EMPLOYMENT AGREEMENTS

The Sandlin Agreement

         The Sandlin Agreement continues for a term which expires December 31,
2001, provided that the Sandlin Agreement is renewed automatically from year to
year thereafter unless either party gives notice of termination. Mr. Sandlin's
base salary was previously $100,000 per year (subject to increases by the Board
of Directors taking into consideration certain factors specified therein). On
September 17, 1996, the Board of Directors approved the extension of the Sandlin
Agreement through December 31, 2001, as well as a raise in Mr. Sandlin's base
salary to $110,000, with 10% annual base salary increases. Separate from the
Sandlin Agreement, the Board also approved (i) issuing to Mr. Sandlin, as
compensation, 10,000 shares of Common Stock, which were issued in January 1997,
(ii) granting to Mr. Sandlin, as compensation, options to purchase 38,000 shares
of Common Stock, exercisable at $2.00 per share or an aggregate of $76,000 for
all such shares, which options were canceled in August 1998 and replaced by
45,000 fully vested options under the Option Plan, exercisable at $3.12 per
share or an aggregate of $140,400 and (iii) granting to Mr. Sandlin, in October
1998, 6,000 options under the Option Plan, exercisable at $3.30 per share and
vesting over a two-year period.

         Mr. Sandlin is reimbursed for all necessary and reasonable expenses
incurred in performing under the Sandlin Agreement and certain other expenses
specified therein (including without limitation for the cost of an apartment and
automobile for his use in Newport News, Virginia and his travel expenses to and
from his home in Atlanta, Georgia and Newport News). He is also entitled to
participate in any benefit programs which the Company may establish.
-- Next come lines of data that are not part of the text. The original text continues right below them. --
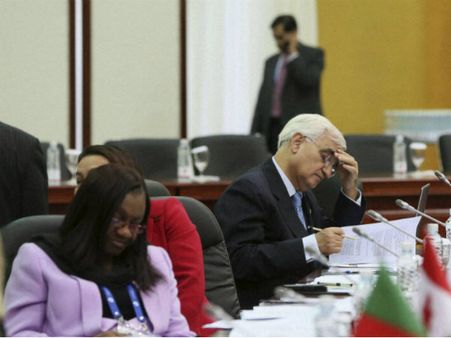 ചോഗം ഉച്ചകോടിയ്ക്ക് തുടക്കമായി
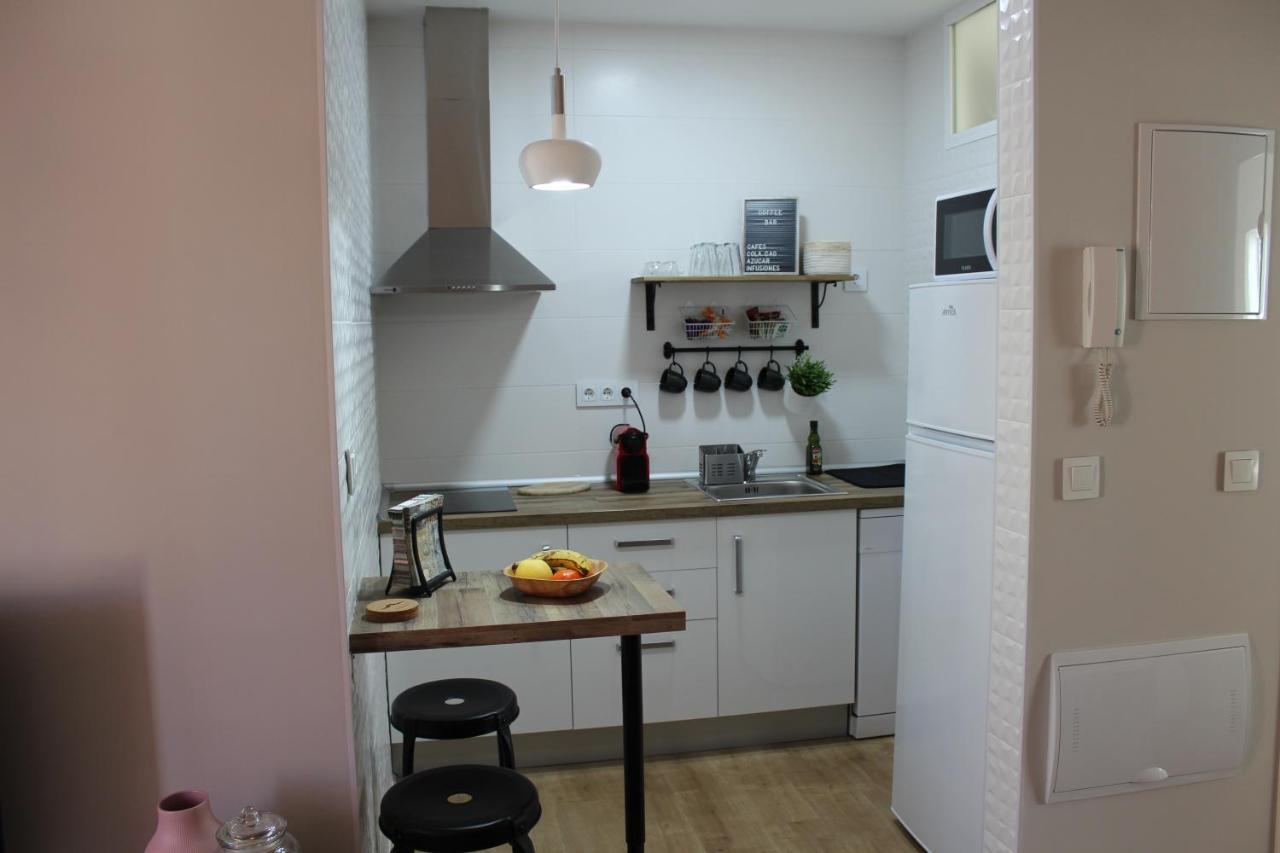 Apartamento Boti 卡塔赫纳 外观 照片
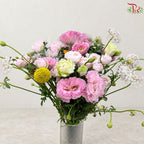 Signature Weekly Flower Bunch (Without Wrapping)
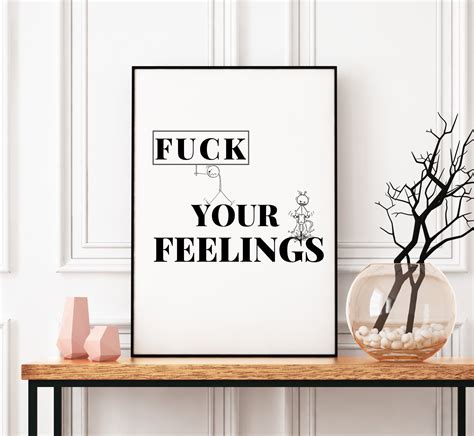 Fuck Your Feelings SVG Feelings SVG Emotional SVG Funny - Etsy Hong Kong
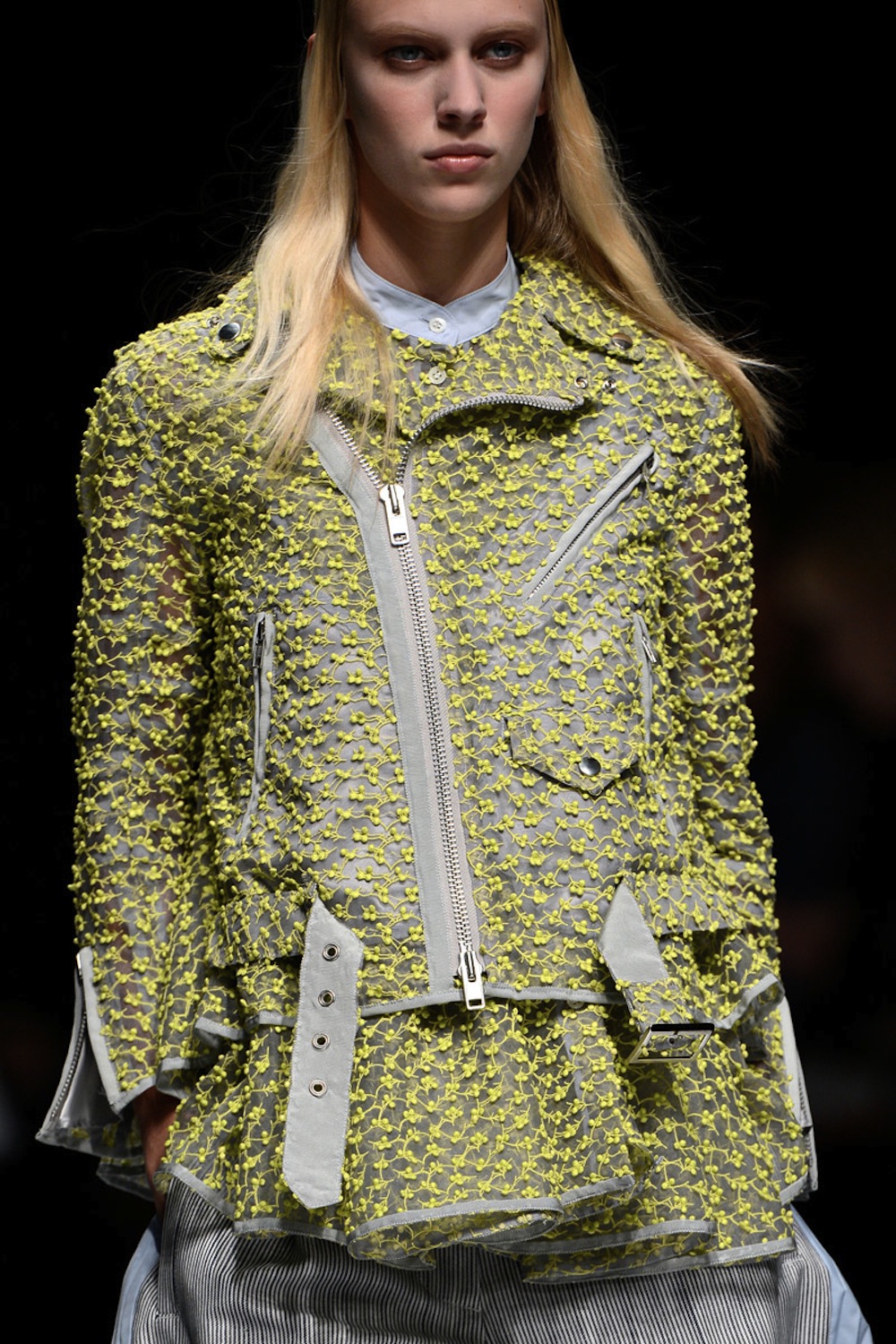 wolf in sheep's clothing: sacai s/s13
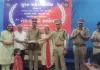 सूरत : शहर पुलिस ने ‘तेरा तुजको अर्पण’ कार्यक्रम में लौटाया एक करोड़ से अधिक का मुद्दामाल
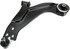 Dorman CB24013 Suspension Control Arm and Ball Joint Assembly Suspension Control Arm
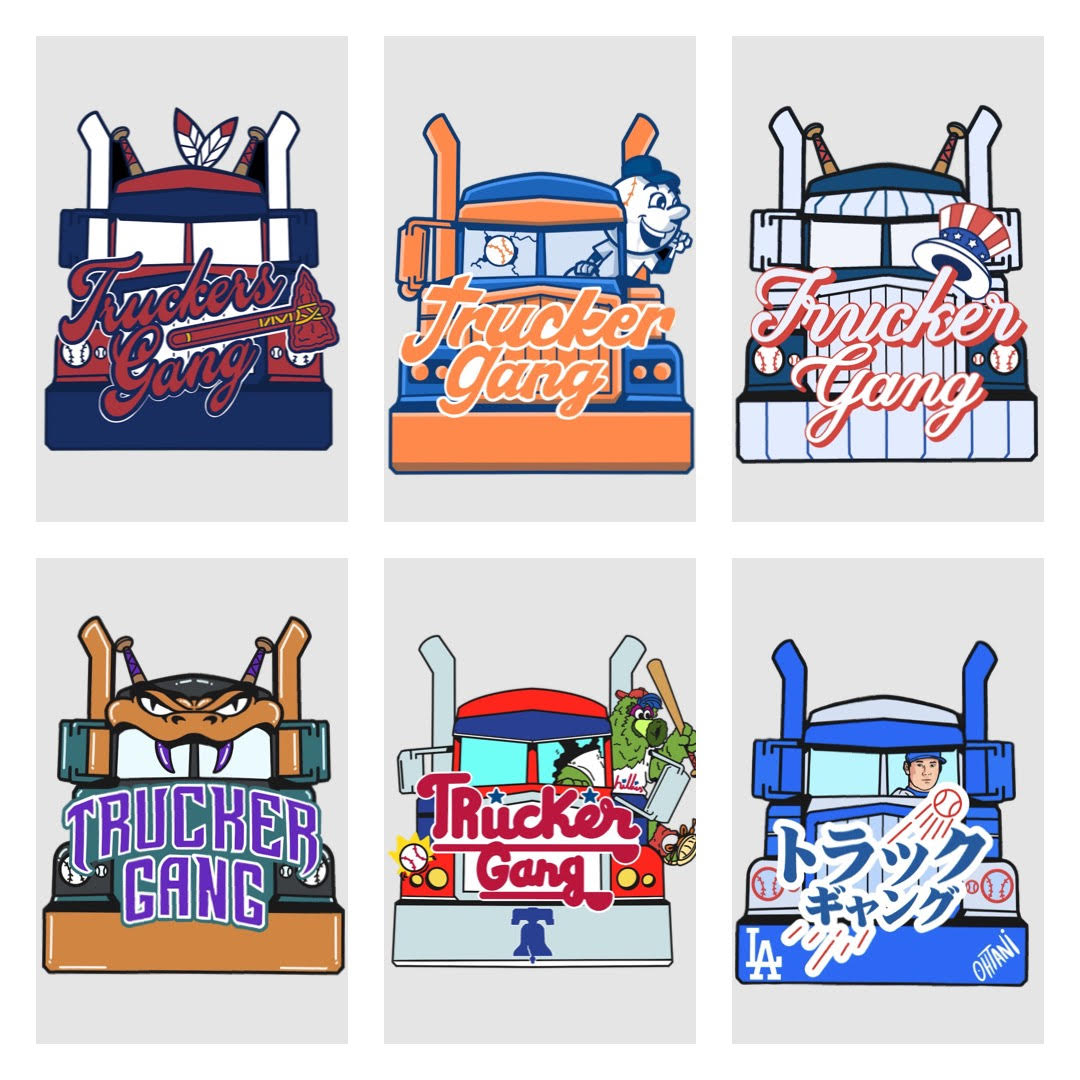 "BASEBALL 6 PACK BUNDLE"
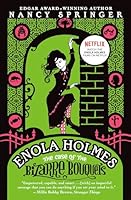 Algopix Similar Product 18 - Enola Holmes The Case of the Bizarre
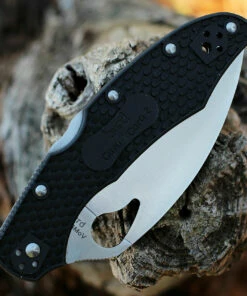 Byrd Knives Byrd Cara Cara 2 - Blk FRN (3.83" 8Cr13MoV SpyderEdge) BY03SBKWC2 -Buck Knives Sales BY03SBKWC2.3 29309.1646076781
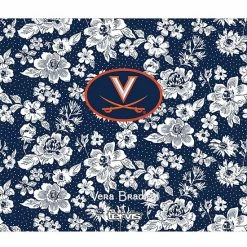 Vera Bradley X Tervis Virginia Cavaliers 24oz. Wide Mouth Bottle With Deluxe Lid -Tervis Sales Store unnamed file 539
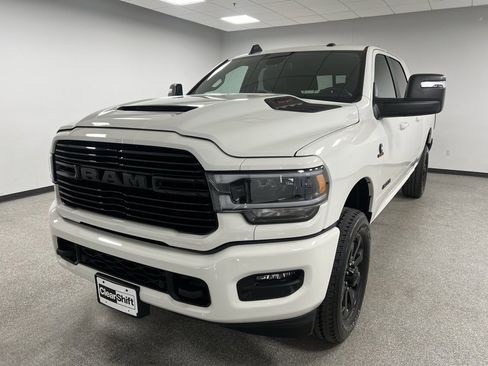 Used 2024 RAM 3500 Laramie w/ Night Edition image 4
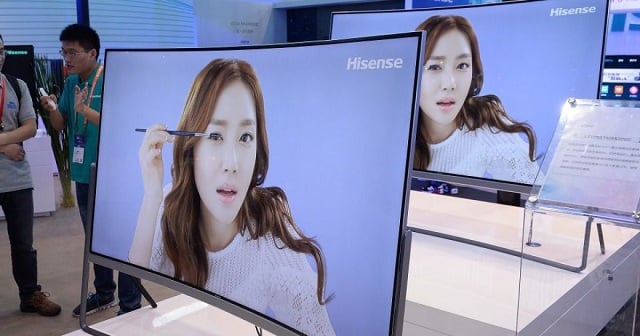 Chinese electronics giant Hisense is entering Pakistani market with new LED TVs and smartphones' launch
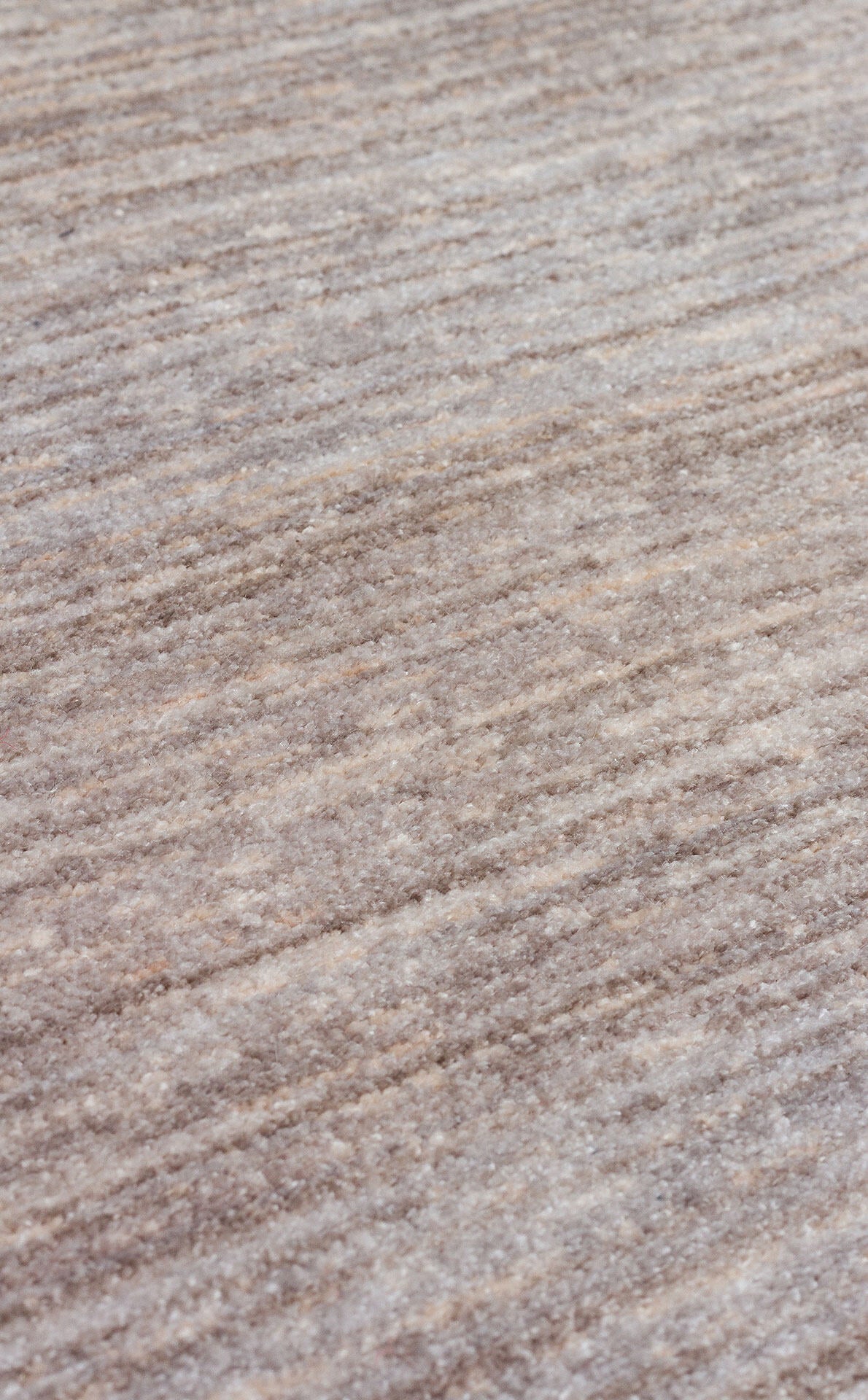 PTA PLAIN SILVER BEIGE - PIETRA - Sıcak Renk Tonlu Etnik Desenli Yumuşak Dokulu Makine Halısı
         The Company may terminate the Sandlin Agreement for "cause" (as defined
therein), in the event of the death or disability of Mr. Sandlin or at any time
after delivery to Mr. Sandlin of a written notice of termination. Mr. Sandlin
may terminate the Sandlin Agreement on sixty (60) days written notice for, among
other things, a reduction in his base salary below that in existence upon
signing (or other material breach by the Company), the relocation of the
Company's offices and the assignment of duties inconsistent with his position or
material adverse alteration in the nature or status of his responsibilities or
conditions of employment (including without limitation material reductions in
vacation or material increase in overnight travel obligations not reasonably
required).

                                        9


<PAGE>

         In the event that the Sandlin Agreement is terminated by the Company
for cause or in the event of death or disability, or in the event Mr. Sandlin
terminates the Sandlin Agreement other than in connection with a change in
control, Mr. Sandlin receives his salary, expense reimbursements and other
benefits through the date of termination, in addition to any applicable
insurance benefits.

         In the event of a termination by the Company not for cause, death or
disability, or in the event Mr. Sandlin terminates the Sandlin Agreement in
connection with a change in control, Mr. Sandlin receives the amounts described
above plus a lump sum severance payment equal to the sum total of all base
salary due to him for the remainder of his agreement, at the rate in effect at
the time notice of termination is given. In this circumstance, the Company, for
one year after termination, also will provide Mr. Sandlin with life and health
insurance benefits substantially similar to those he was receiving immediately
prior to the notice of termination. A change in control is deemed to have
occurred in the event of a sale of the Company or merger of the Company with
another business pursuant to which any person or entity other than certain
specified entities (these are Maritime, Global Jet, Phoenix Air Group and DESCO,
Aviation Consultants) become beneficial owners of capital stock of the Company.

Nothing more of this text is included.